The editor suggested questions at the end of each chapter designed to help readers and their significant others assess and work on their relationships, and I wrote those myself. I also expanded some of the discussions in each chapter. (Whenever I didn’t have Taj and Eddie’s thoughts on the matter in my notes, I dropped them an email for clarification.) There were enough of my own embellishments in the first draft that I expected it to get a lot of red pencil, but it didn’t; somehow this one went smoothly from discussion to page. That’s not always the case: When I worked with Turner and Olds, for example, each chapter had to please four people—Cal, Howard, and two editors—and I did a lot of rewriting. Here, everything flew pretty much as I sent it, even my questions at the ends of the chapters. I felt like I’d channeled Dr.

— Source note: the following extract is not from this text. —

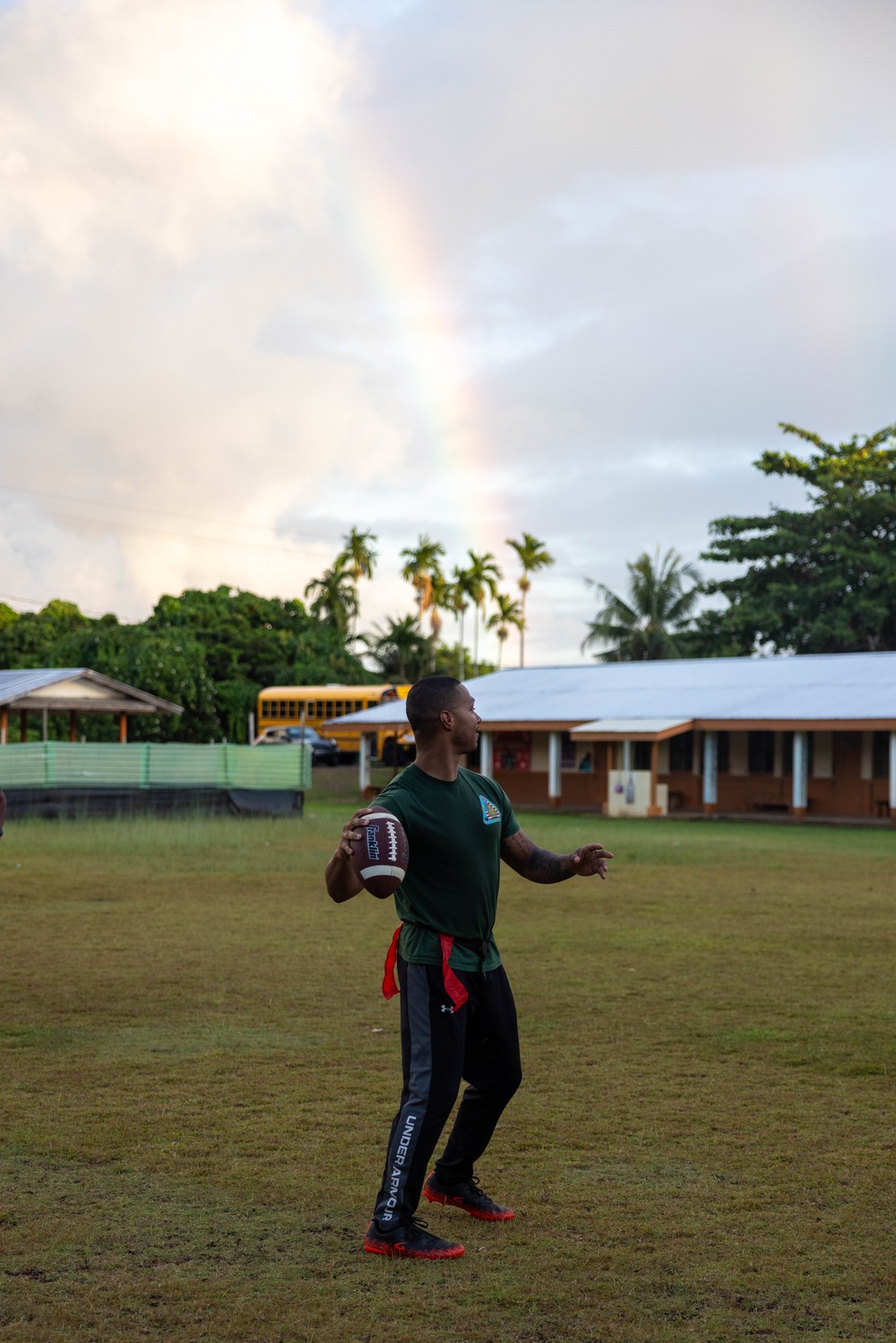 Civic Action Team Palau 84-10 Football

Phil or, at least, Dear Abby.

Fairly early on in the process—after we’d signed the contracts but before I finished a draft—I asked the United Methodist Publishing House to include my name on the cover. Many celebrities who hire ghostwriters won’t consider an “as told to” credit, and Taj and Eddie could very well have said no. They didn’t, and that’s a great thing for a writer’s ego and portfolio. But even when my name doesn’t appear on the cover, I’m generally mentioned in the acknowledgements, and over the years I’ve found that a good paycheck balances out relative anonymity quite nicely.

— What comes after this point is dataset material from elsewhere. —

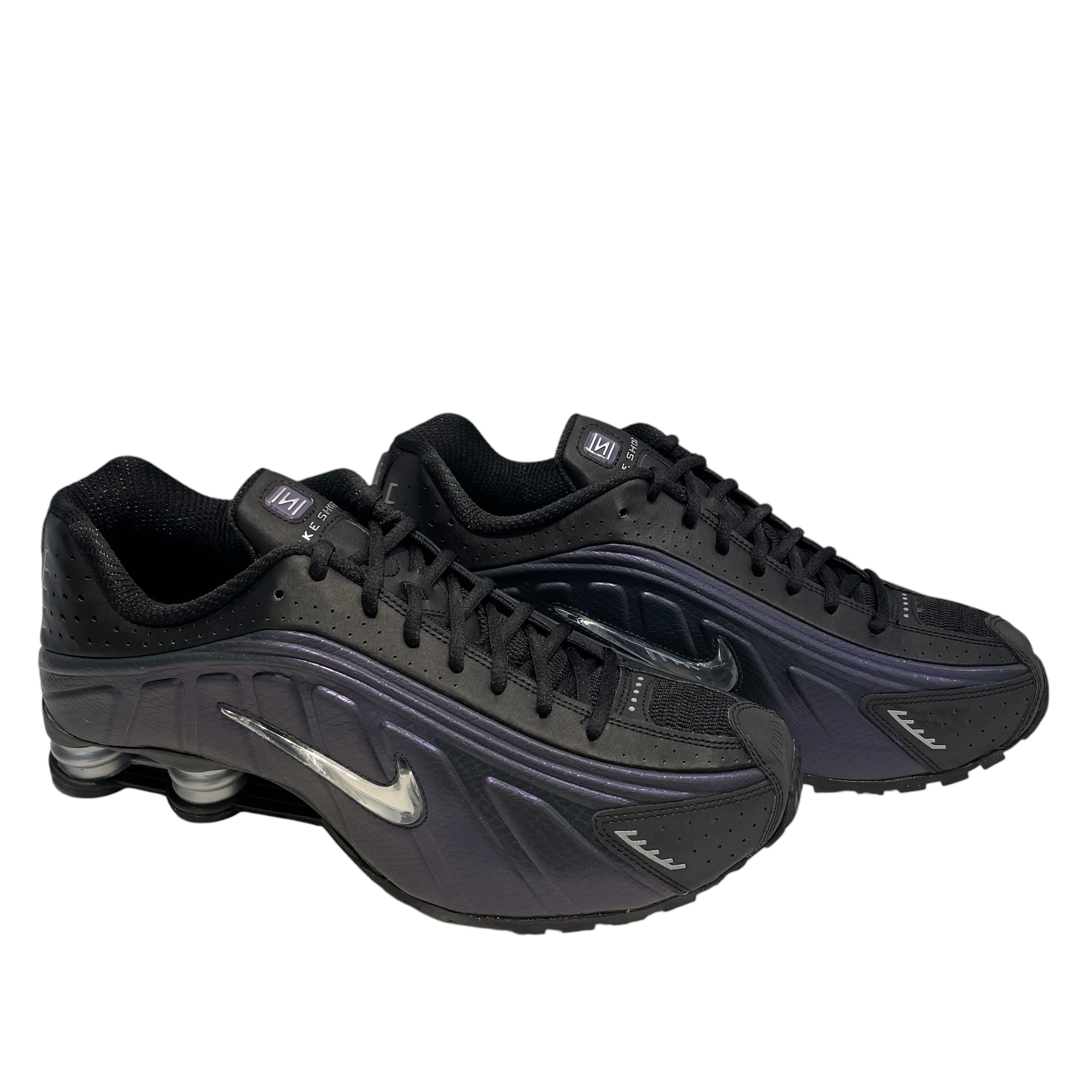 NIKE/Low-Sneakers/US 10.5/PPL/SHOX R4/SLVR view 2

Now that the book is out, I’m looking forward to seeing Taj and Eddie in action at their first signings in Nashville. Taj recently wrote a piece for Guideposts, and I know both she and Eddie have a lot more to say in book form. I’m sure we’ll hear more from them.

As for me, I’m ghosting another book, this one for a publishing executive, and editing yet another for the Methodists. Both are due before the end of February, and I’m hoping to get some free time after that for some pet projects I’ve had on hold for years—the ghosting business has been good and steady for a long time. I’ve never felt anything less than enthusiastic about these projects. I love digging into people’s lives and trying to get inside their heads enough to write the way they talk—and the way they think. It’s a learned skill, an offshoot of a lifetime of listening, and I enjoy it.

Everyone’s got a story, but it takes a good eye, a lot of work, and the right combination of words to make that story interesting to others. And, luckily for me, there are a lot of people out there who need a ghost.